Я продолжал бродить с отцом по лесам, но уже было видно, что по мере того как увеличивались мои силы, его шли на убыль. Такие удовольствия, как тяжелый заплечный мешок и ночной сон на ложе из пихтовых ветвей, были уже не для него.
Я решил, что в следующем учебном году я буду работать для получения докторской степени под руководством Ройса в области математической логики. Однако Ройс заболел, и профессор из колледжа Тафтс Карл Шмидт выразил согласие занять его место. Шмидт, с которым я познакомился позже, был нашим летним соседом в Нью-Гемпшире. Тогда он был молодым человеком, в большей мере глубоко интересующимся математической логикой, чем религиозной философией, ставшей позднее сферой его изучения, когда он занимал должность в колледже Карлтон. Шмидт предложил мне в качестве возможной темы исследования сравнение алгебры относительных величин Шредера и Уайтхеда и Рассела. По этой теме надо было сделать огромную формальную работу, которая мне показалась легкой; хотя позже, когда я начал заниматься под руководством Бертрана Расселла в Англии, я узнал, что пропустил почти все то, что имело истинно философскую значимость. Тем не менее, мой материал представлял собою приемлемую научную работу и в итоге привел меня к докторской степени.
Шмидт был терпеливым и понимающим преподавателем, подобно Хантингтону, способным активизировать умственную деятельность студента посредством несложных приемов. Если бы у меня в тот год не было такого мягкого руководителя, я не думаю, что смог бы успешно закончить его, поскольку кроме моей диссертации меня поджидали две шеренги драконов.

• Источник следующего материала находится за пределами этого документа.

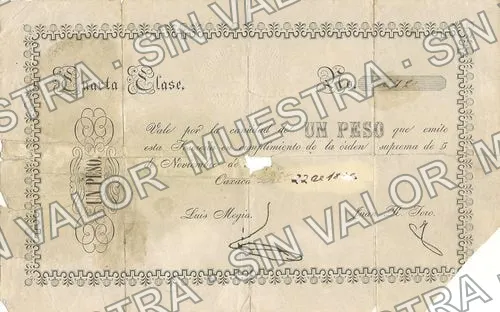 1 peso, Tesorería (M39), anverso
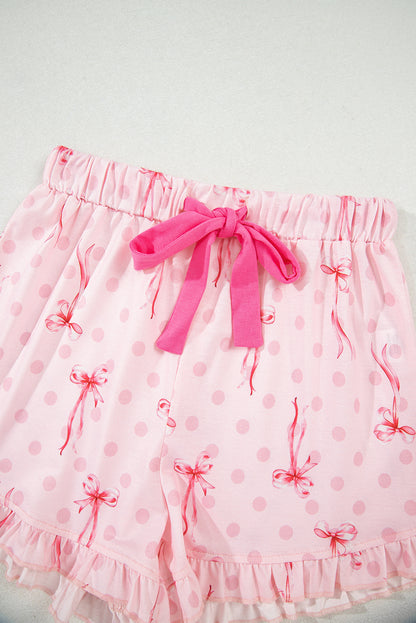Pink Bow Print Contrast Pipping Short Pajamas Set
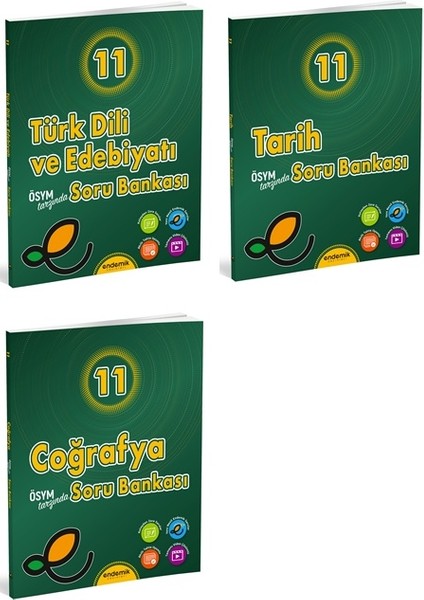 2025 11. Sınıf Türk Dili ve Edebiyatı - Tarih - Coğrafya Soru Bankası 3'lü Set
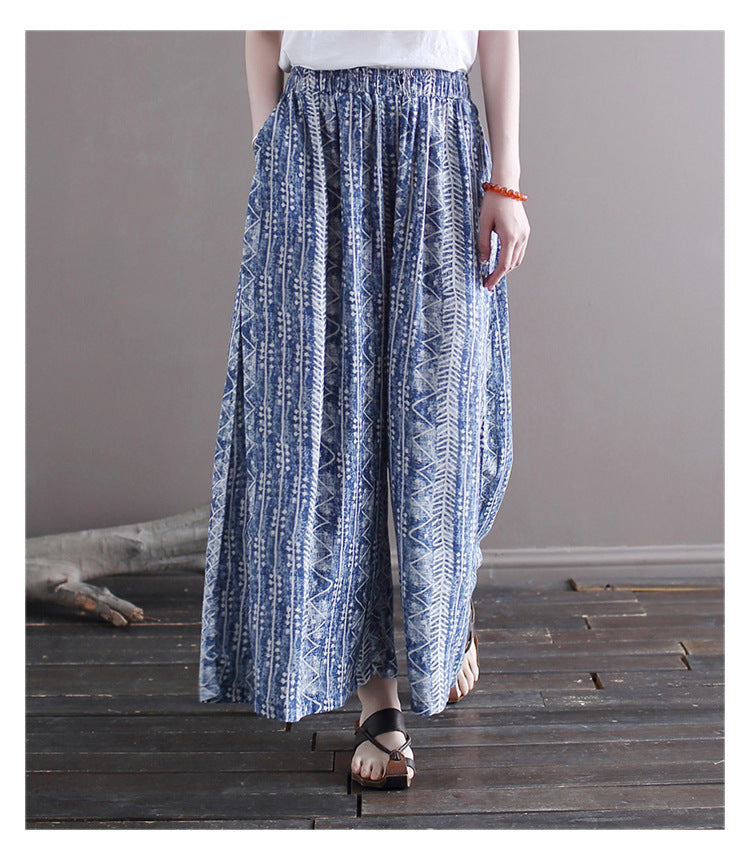 2024 summer thin literary cotton and linen wide-leg floral ethnic style loose batik elastic waist culottes straight-leg pants women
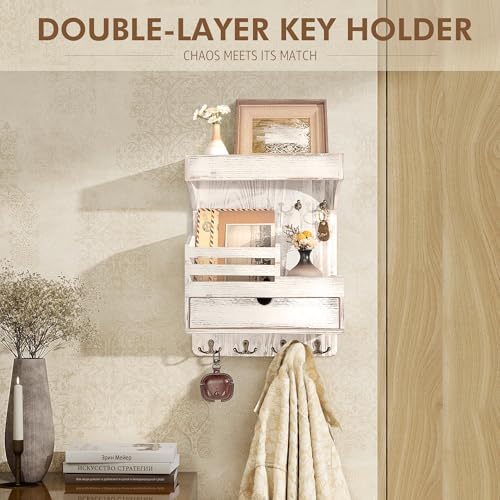 Rebee Vision Farmhouse Key Holder Wall Mount with Drawer Organizer – Pine Wooden Mail and Key Organizer for Wall with 6 Rustic Hooks & Floating Shelf – Chic Home Decor Accent (Whitewash) - color: Whitewash, style: Large Drawer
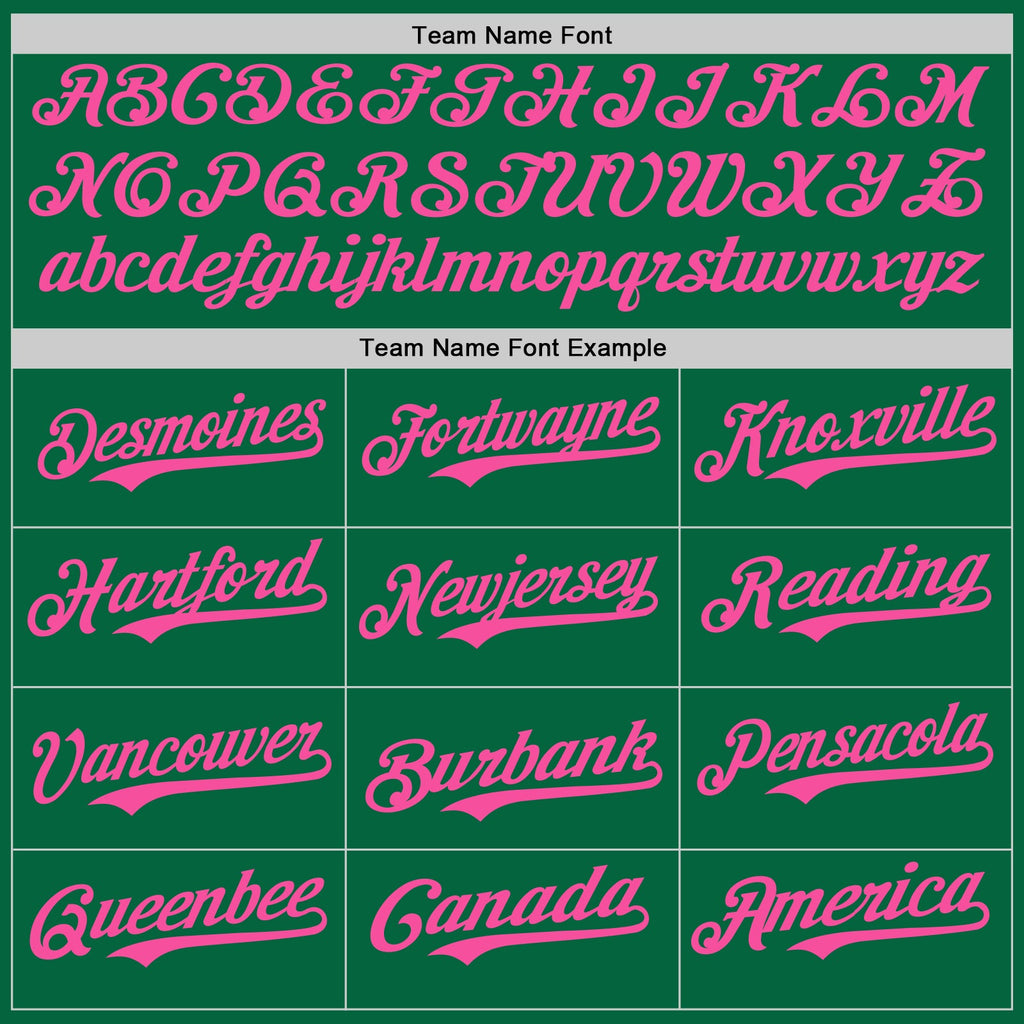 Custom Kelly Green Pink Authentic Baseball Jersey
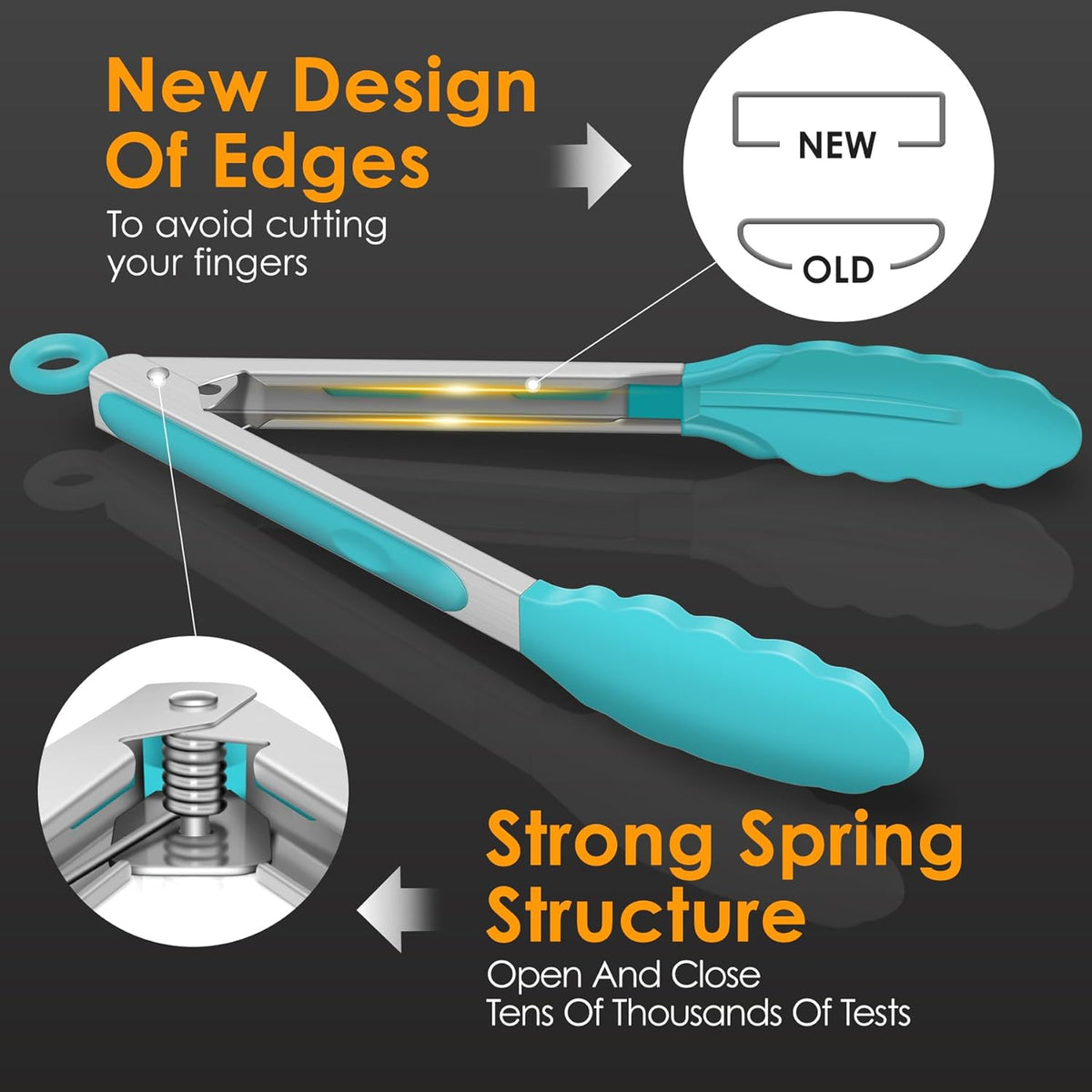 Premium Stainless Steel Locking Kitchen Tongs with Silicon Tips, Set of 3-7", 9" and 12" (Gradient Blue)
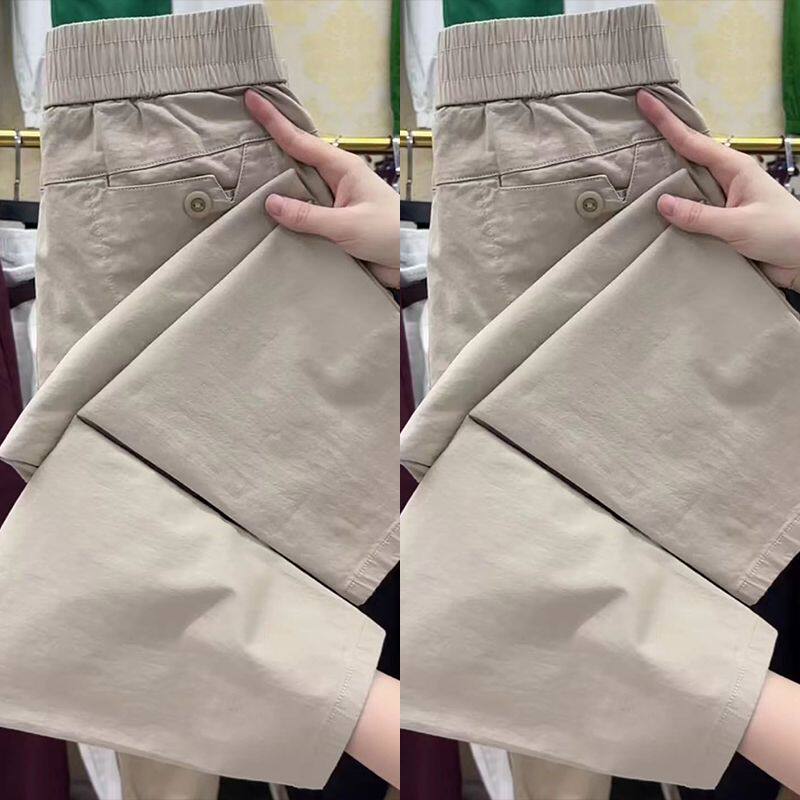 新款纯棉高腰九分哈伦小脚裤水洗棉麻2025夏季百搭薄款洋气休闲裤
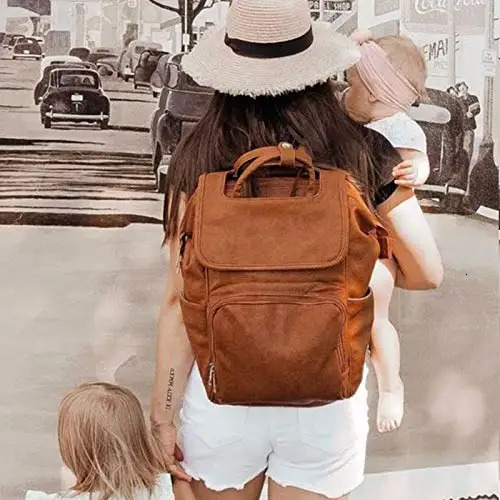 Diaper Bags PU Leather Diaper Bag Backpack Unisex Baby Travel Bag with Changing Mat Large Capacity Travel Diaper Backpack for Mom 231206
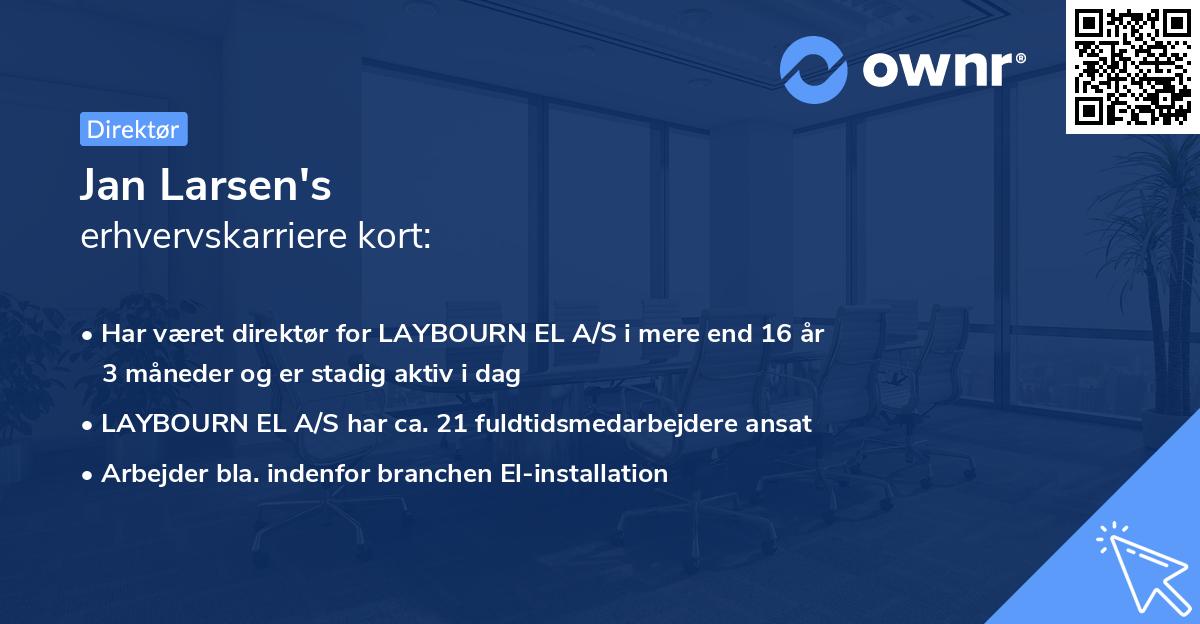 Jan Larsen's erhvervskarriere kort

Первыми не столь ужасными огнедышащими дракончиками были мои экзамены по предметам, которые надо было сдавать письменно. За ними угрожающе подступали более свирепые драконы — мои устные экзамены. Письменные экзамены по предметам я сдал, получив множество ранений, но не склонив головы. Один случай в связи с ними не делает мне чести. Все мы, кто сдавал экзамены, очень хотели узнать свои оценки, и мы нашли уступчивого вахтера, у которого был доступ в комнату профессоров и к бумагам, в которые были вписаны наши оценки. К сожалению, должен признать, что я уговорил его сказать мне, какими были эти оценки, и я посвятил одного из кандидатов в этот секрет. Это было просто неправильно понятое любопытство и неправильно истолкованная добрая воля, и не было при этом никакой взятки, однако впоследствии меня обвинили в даче такой взятки.
Я боялся устных экзаменов намного больше, чем письменных. Чтобы сдавать их, мне приходилось навещать профессоров в их домах. В каждом случае профессор был добр и любезен, и в каждом случае, сдавая экзамен, я был словно в каком-то трансе, едва понимая, что мне говорили. Когда я сдавал греческую философию профессору Вудсу, я вдруг обнаружил, что забыл все греческие слова, которые когда-либо знал, и я едва мог перевести простейший отрывок из «Республики» Платона.
Я очень признателен отцу за то, что он помог мне пройти сквозь тяжкое испытание устными экзаменами. Каждое утро он отправлялся со мной на прогулку, чтобы поддержать меня физически и подбодрить морально. Вместе мы гуляли по многим местам в Кембридже, и во многих из них я побывал тогда впервые. Он, бывало, задавал мне вопросы по теме какого-либо из экзаменов, чтобы убедиться, что я знаю, как отвечать на них.